- WHAT YOU HAVE TO DO -
Everything in the records except the pictures should come back exactly as written.
---------- SOURCE DATA
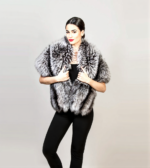 Shahnaz | Silver Fox Fur Cape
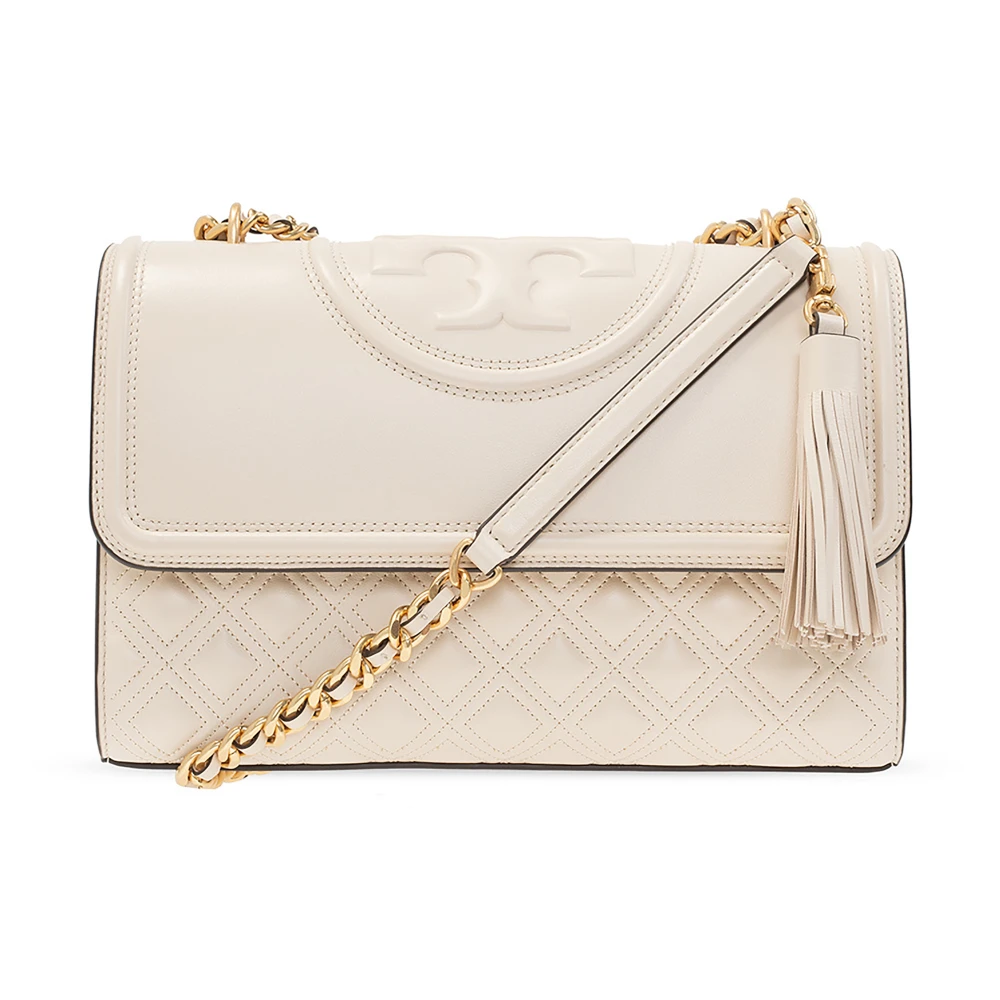 Tory Burch Liten Beige Väska Beige, Dam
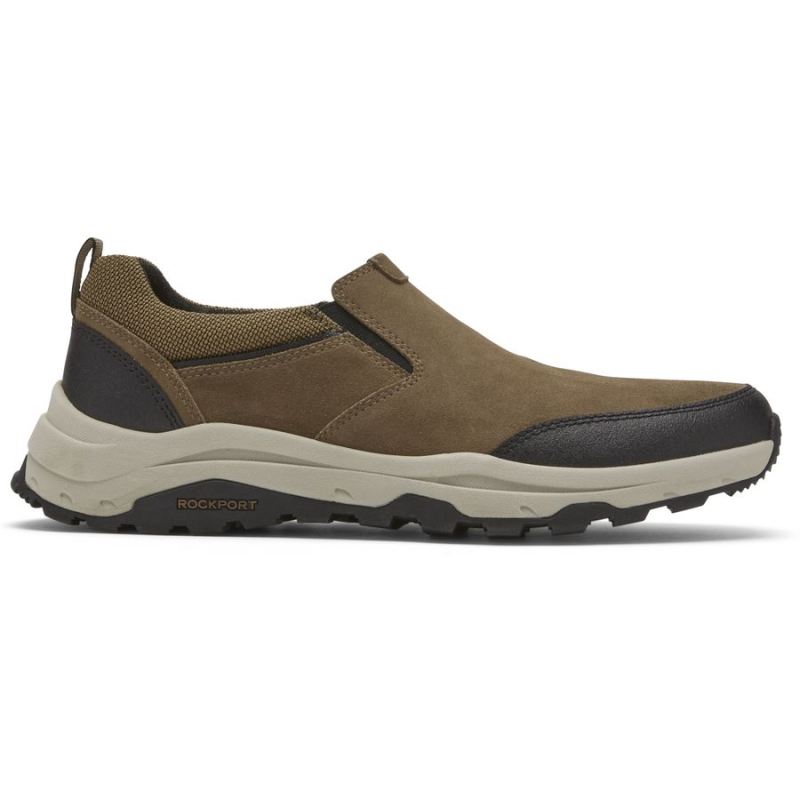 SANDÁLIA XCS BIRCHFIELD SLIP-ON TREKKER MASCULINA ROCKPORT - CAMURÇA VICUNA NOVA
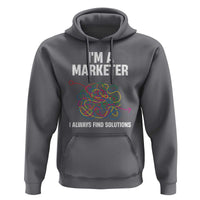 Funny Marketer Hoodie I Always Find Solutions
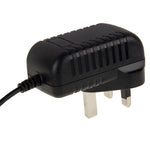 Adaptador de Energia com Ficha UK AC 100-240V para DC 6V 2A, Pontas: 5.5 x 2.1mm, Comprimento do Cabo: cerca de 1.2m, Ficha UK DC 6V 2A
--------------------
- SOLUTION FOR THIS PROBLEM -
 Shahnaz | Silver Fox Fur Cape
 Tory Burch Liten Beige Väska Beige, Dam
 SANDÁLIA XCS BIRCHFIELD SLIP-ON TREKKER MASCULINA ROCKPORT - CAMURÇA VICUNA NOVA
 Funny Marketer Hoodie I Always Find Solutions
 Adaptador de Energia com Ficha UK AC 100-240V para DC 6V 2A, Pontas: 5.5 x 2.1mm, Comprimento do Cabo: cerca de 1.2m, Ficha UK DC 6V 2A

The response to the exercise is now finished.